What to do:
Take the line containing "Mańkowska to Zaborów map" and each line after it through the end of the data below, and return them exactly, minus any pictures.
[Start of Attachment]
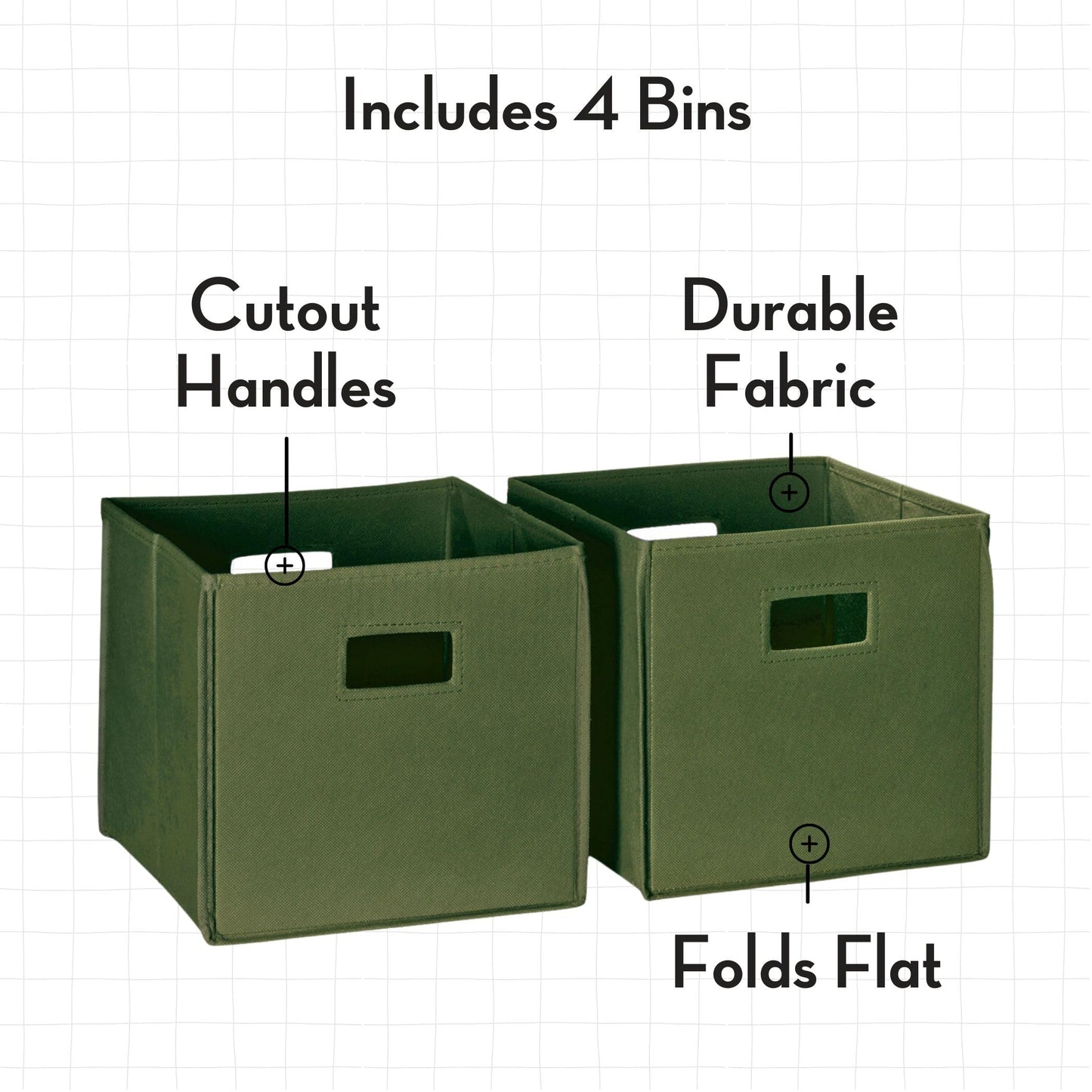 RiverRidge Folding Storage Bins - 4-pack of 10in Tall Olive Cubes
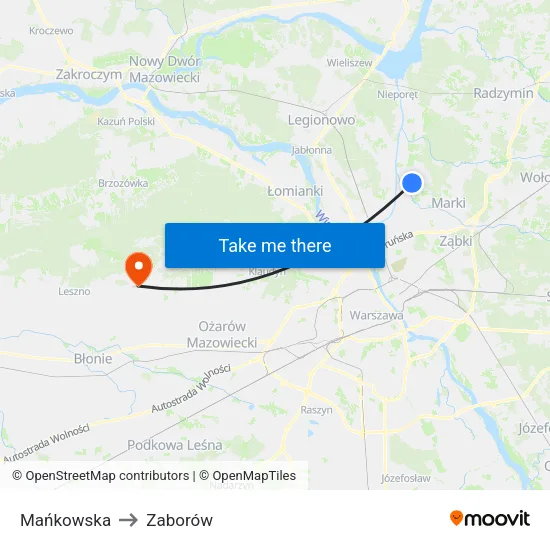 Mańkowska to Zaborów map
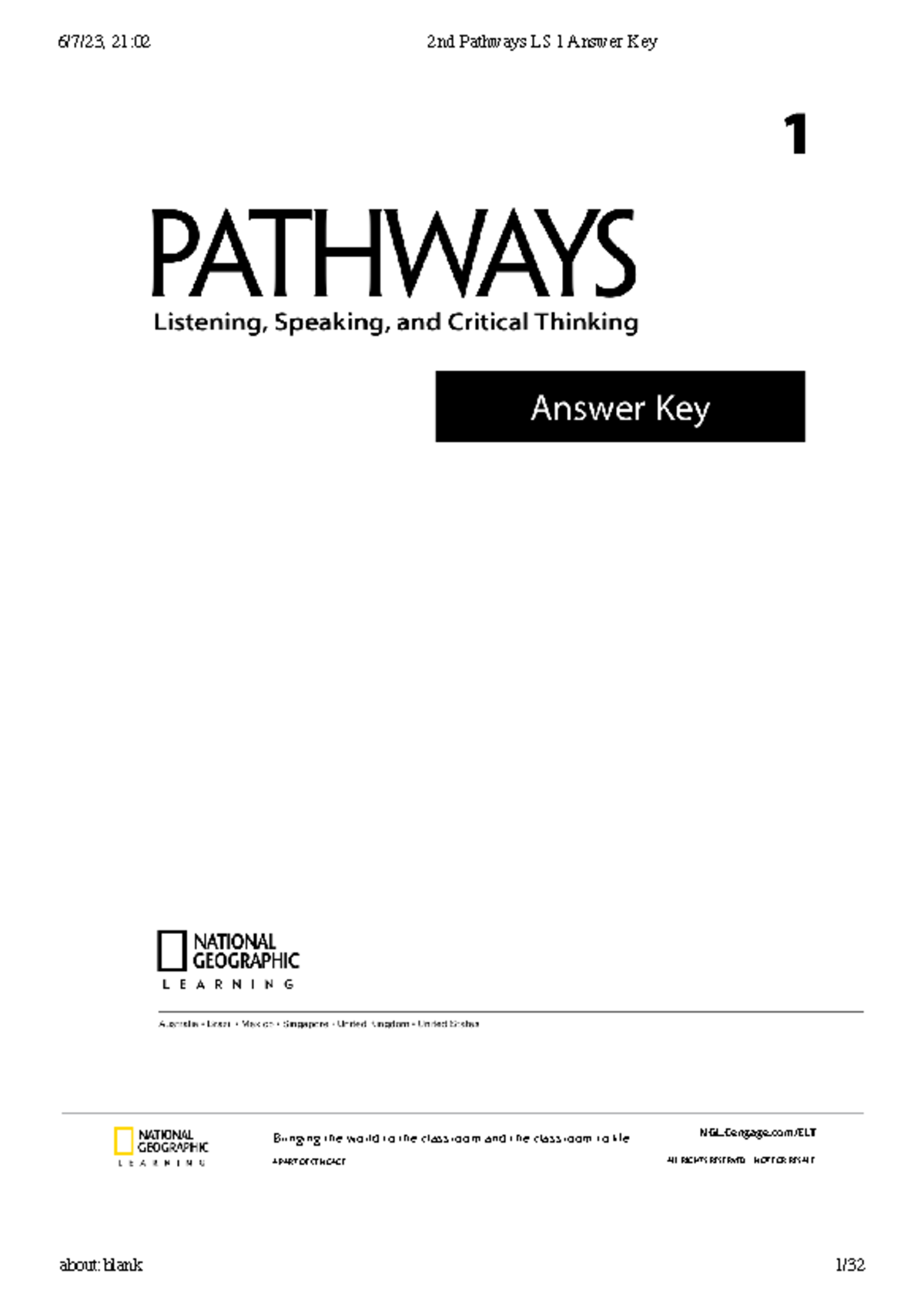 Pathways 1 Listening & Speaking - Complete Answer Key - Studocu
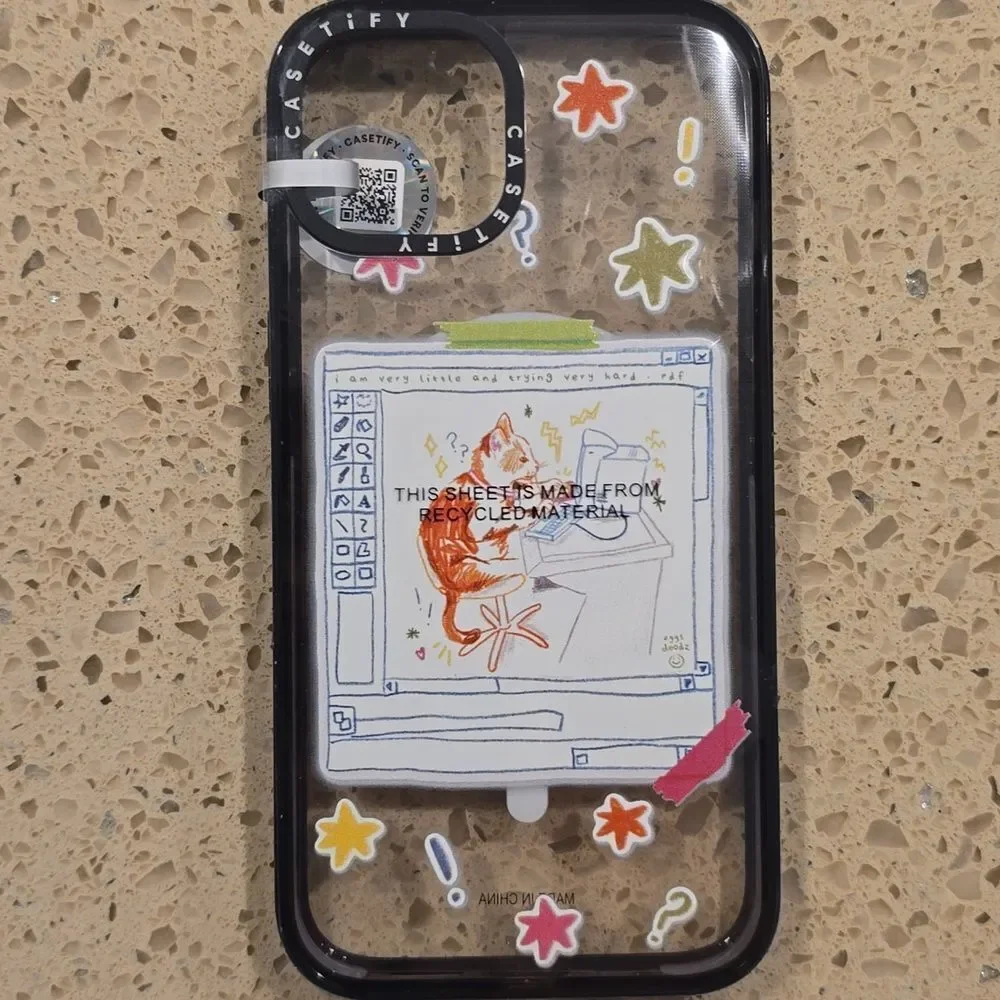 New Casetify Iphone 14 Standard Size Case Cat Computer Stars Little Trying - Picture 6 of 6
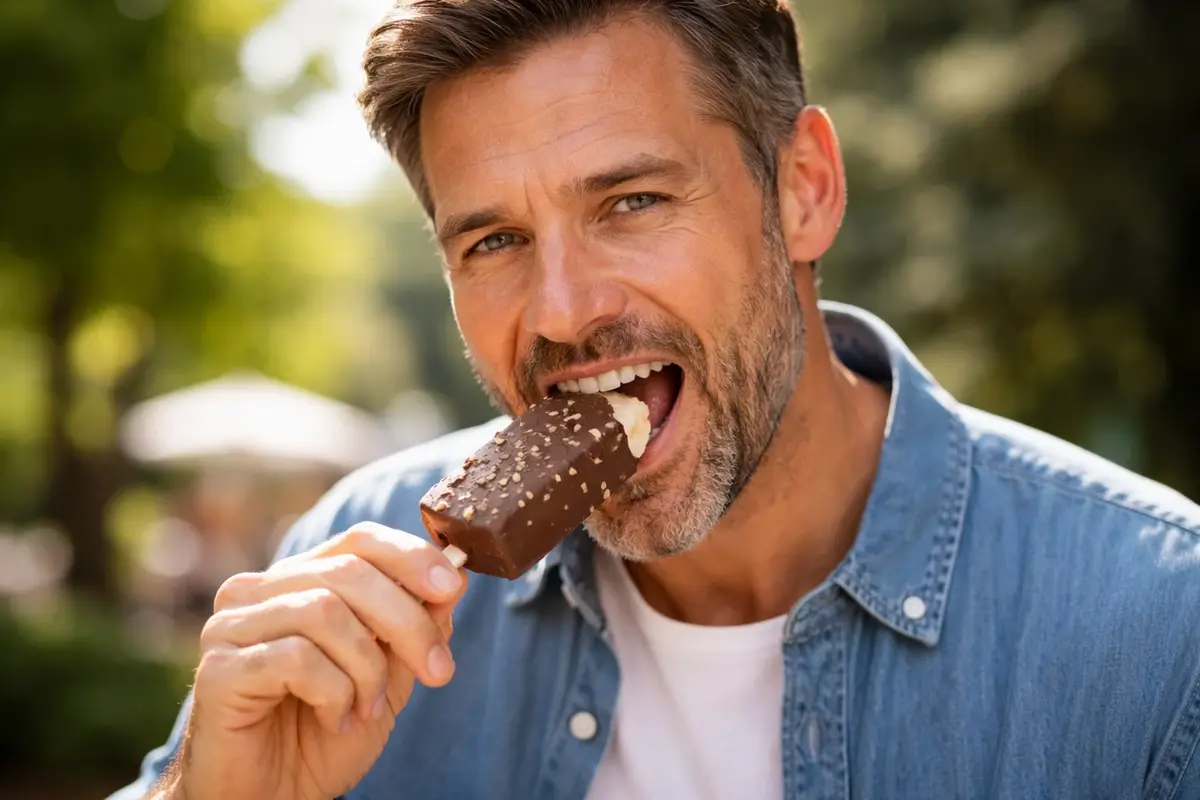 Bite, Lick, or Nibble: What Your Ice Cream Habit Says About You 4 Middle-aged man biting a chocolate-covered ice cream bar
[End of Attachment]
Solution to the problem:
 Mańkowska to Zaborów map
 Pathways 1 Listening & Speaking - Complete Answer Key - Studocu
 New Casetify Iphone 14 Standard Size Case Cat Computer Stars Little Trying - Picture 6 of 6
 Bite, Lick, or Nibble: What Your Ice Cream Habit Says About You 4 Middle-aged man biting a chocolate-covered ice cream bar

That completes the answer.